The Lean Startup movement. Some of us may have heard it, some of us might be completely clueless when it comes to this topic. Eric Ries was the author of the book Lean Startup and has successfully helped guide hundreds of the best entrepreneurs before they started their journey to become millionaires and lead booming growth companies. Now, what exactly is the formula that entrepreneurs seem to be raving about? Before we can understand how it can impact a business of any size, let's take a look at how I first came across the topic, then jump in on what the Lean Startup actually is.
This summer I was lucky enough to be a marketing intern for one the fastest growing companies in the world - Main Street Hub. This startup was deemed the 73rd fastest growing company in the United States by INC Magazine in 2014. Needless to say, I was about to learn how a top startup does business. Under very fortunate circumstances, I had the chance to have one-on-one meetings with the CEO who was the mastermind behind the fun and laid back culture at Main Street Hub. Seeing as I am only twenty-two, it was rather daunting to learn lessons from a CEO who, in his mid-thirties, was leading a company valued at 100 million dollars. However, he instilled a great sense of calmness in the conversation and was incredibly friendly. Within a minute of our first conversation, he dropped a topic on me that had never crossed my desk. The Lean Startup. He mentioned the book, and the movement as a whole and how the entire West coast and Stanford are using its principles constantly now.

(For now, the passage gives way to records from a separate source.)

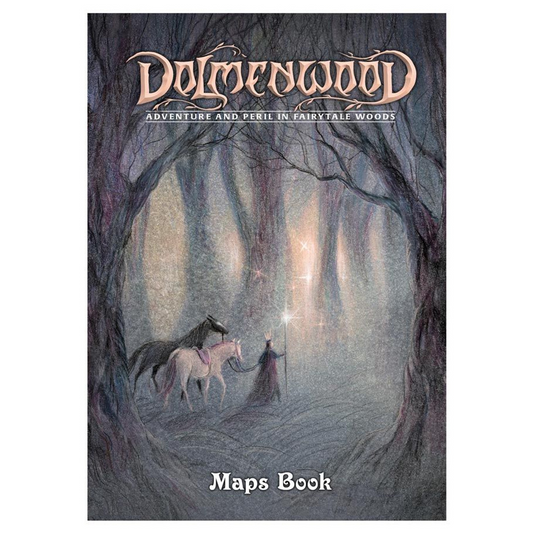 DOLMENWOOD MAPS BOOK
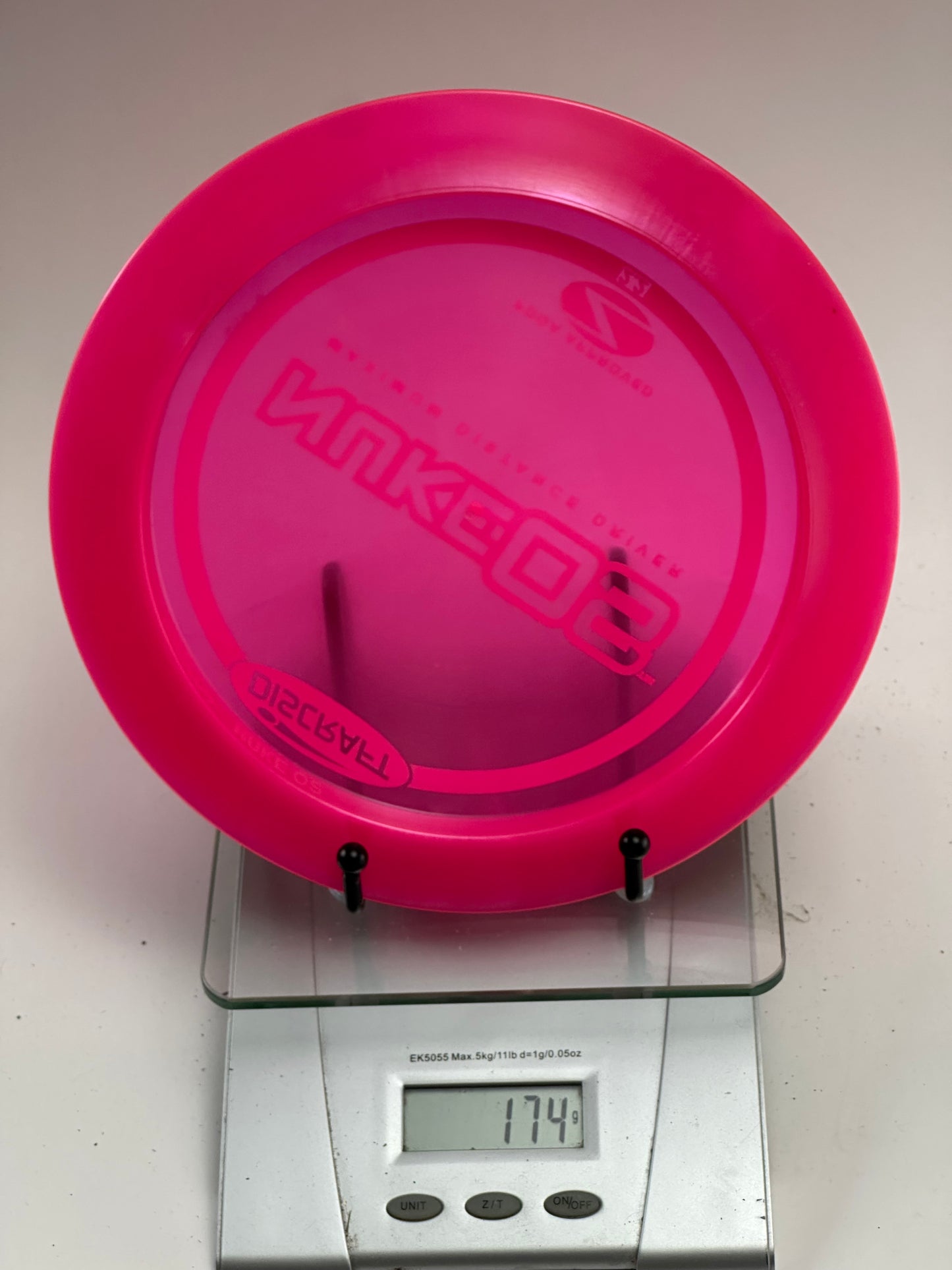 Discraft Z Nuke OS Distance Driver – Pink (174g)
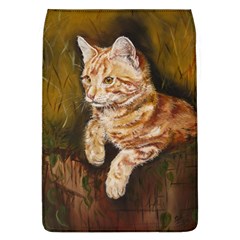Cute Cat Removable Flap Cover (large)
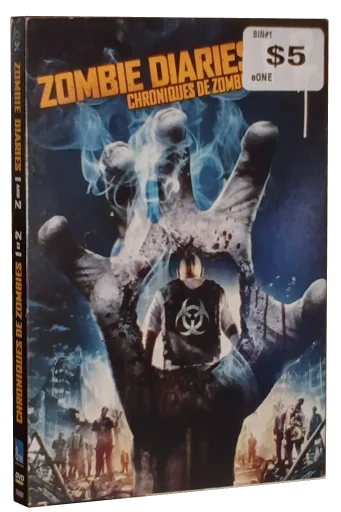 The Zombie Diaries DVD, eOne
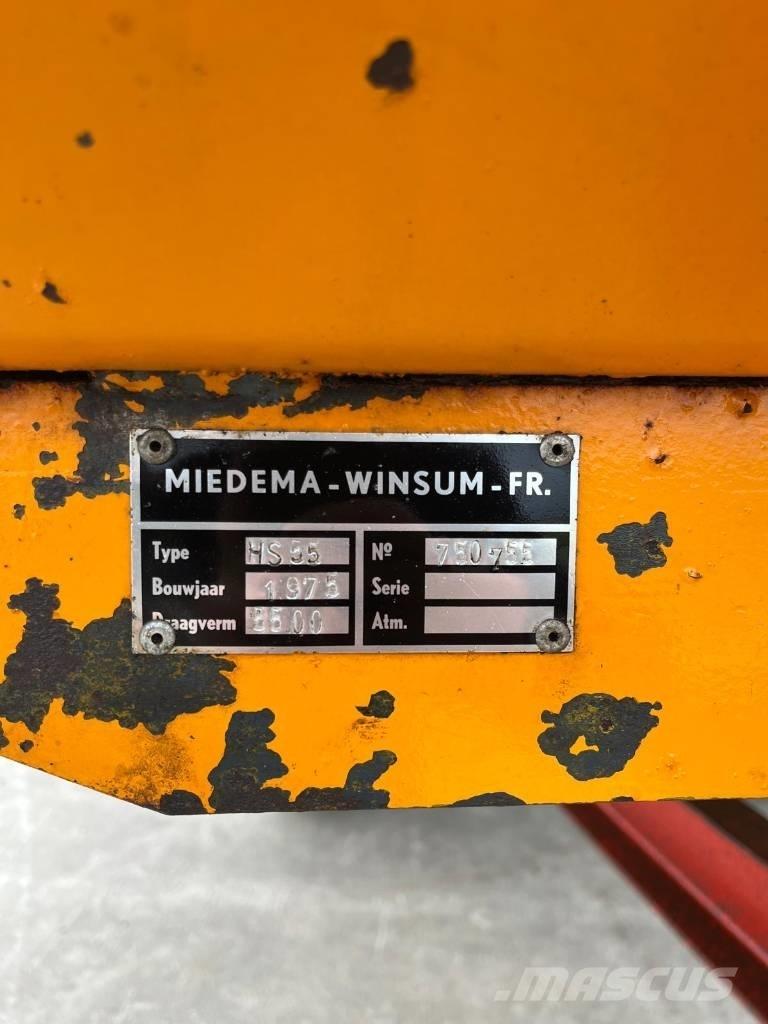 Miedema HS55 Kallurhaagised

I will never forget him telling me how entrepreneurs typically start out having this vision, and they believe that is how their company will always be. With customers easily lining up outside their store or flooding the website with traffic ready to buy that vision. But he mentioned this typically is not how it works. The lean startup is a process, a method that should be applied do your vision of what your business does. It must be noted that the steps can be reoccurring, essentially like a never ending cycle. The method works in five steps.
- Develop your idea and decide whatever it is that you want to produce or sell to consumers.
- Build a minimum viable product with your own unique value proposition. A product can mean anything, whether it be car washing or manufacturing a new wheel.
- Get out of the office and test your product with various markets. It can be tough to tell who actually is your target market this early on.
- Measure your feedback properly.
- Learn from your feedback. If your idea/vision/assumption gained positive feedback or failed with potential customers, then you must make the call to pivot or persevere.
So why is this method so popular today? Doesn't seem like magic, does it? However, it creates this question that impacts everyone that is in business: "What is your number one assumption to prove true at the fastest speed and lowest cost?"
A great example is how Zappos, the massive online shoe seller ,got their start. In the early days of Zappos, the founders simply purchased shoes as needed from local shoe retailers, instead of stocking their own inventory. This allowed Zappos to test their idea fast and cheap, before investing in their own inventory.
I can't help but remember hearing a person once say, "business is no longer moving at the speed of execution. It is now moving at the speed of how quickly ideas can be produced.“ With any business and the swift deployment of technology across all sizes of business, this now more than ever is incredibly true.